TASK STATEMENT ::
Except for the pictures, reproduce the records word for word.

EXERCISE MATERIALS ::

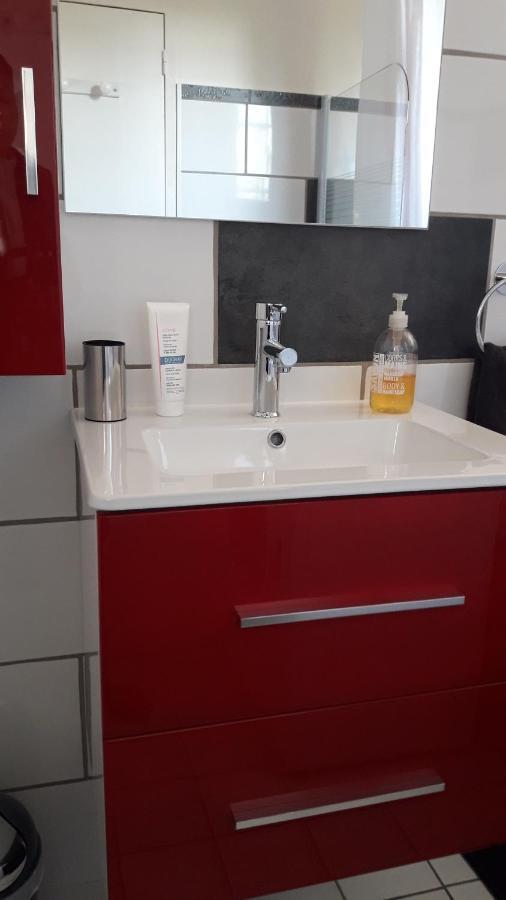 Apartamento Superbe T3 de 85 mètres Carrés Toulouse Exterior foto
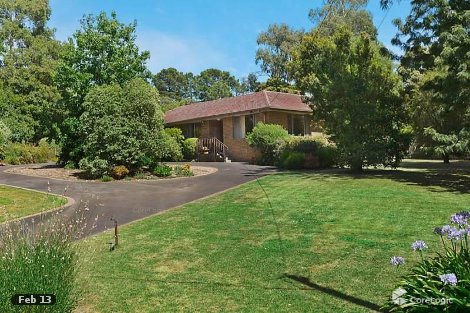 21-23 Craithie Ave, Park Orchards, VIC 3114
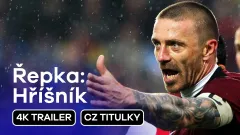 Řepka: Hříšník: finální trailer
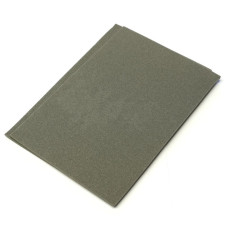 Пінка Hareline THIN FLY FOAM 2мм #92 DARK GRAY Пінка Hareline THIN FLY FOAM 2мм #92 DARK GRAY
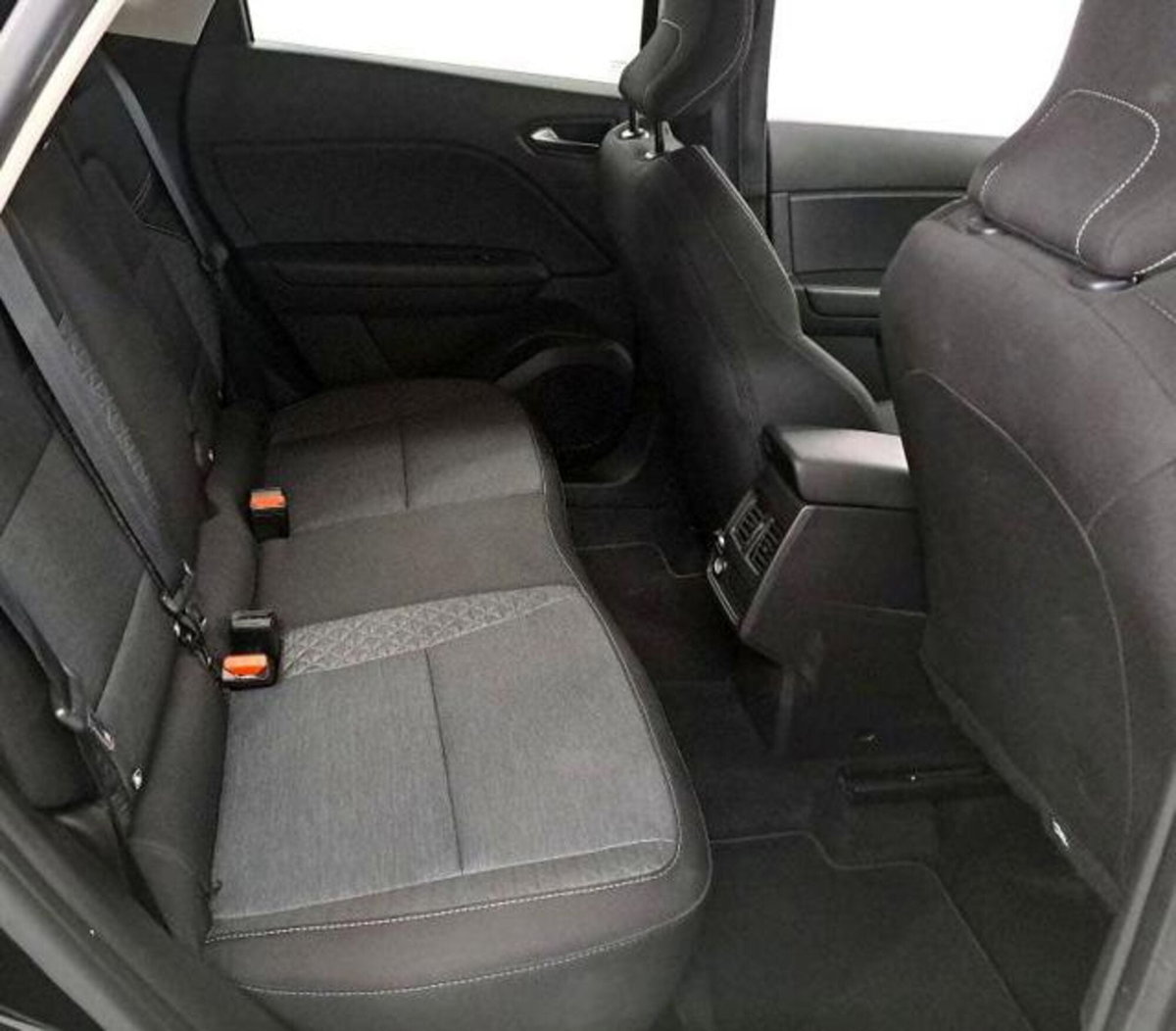Renault Captur TCe 90 CV Zen (6)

SOLUTION TO THE PROBLEM ::
 Apartamento Superbe T3 de 85 mètres Carrés Toulouse Exterior foto
 21-23 Craithie Ave, Park Orchards, VIC 3114
 Řepka: Hříšník: finální trailer
 Пінка Hareline THIN FLY FOAM 2мм #92 DARK GRAY Пінка Hareline THIN FLY FOAM 2мм #92 DARK GRAY
Renault Captur TCe 90 CV Zen (6)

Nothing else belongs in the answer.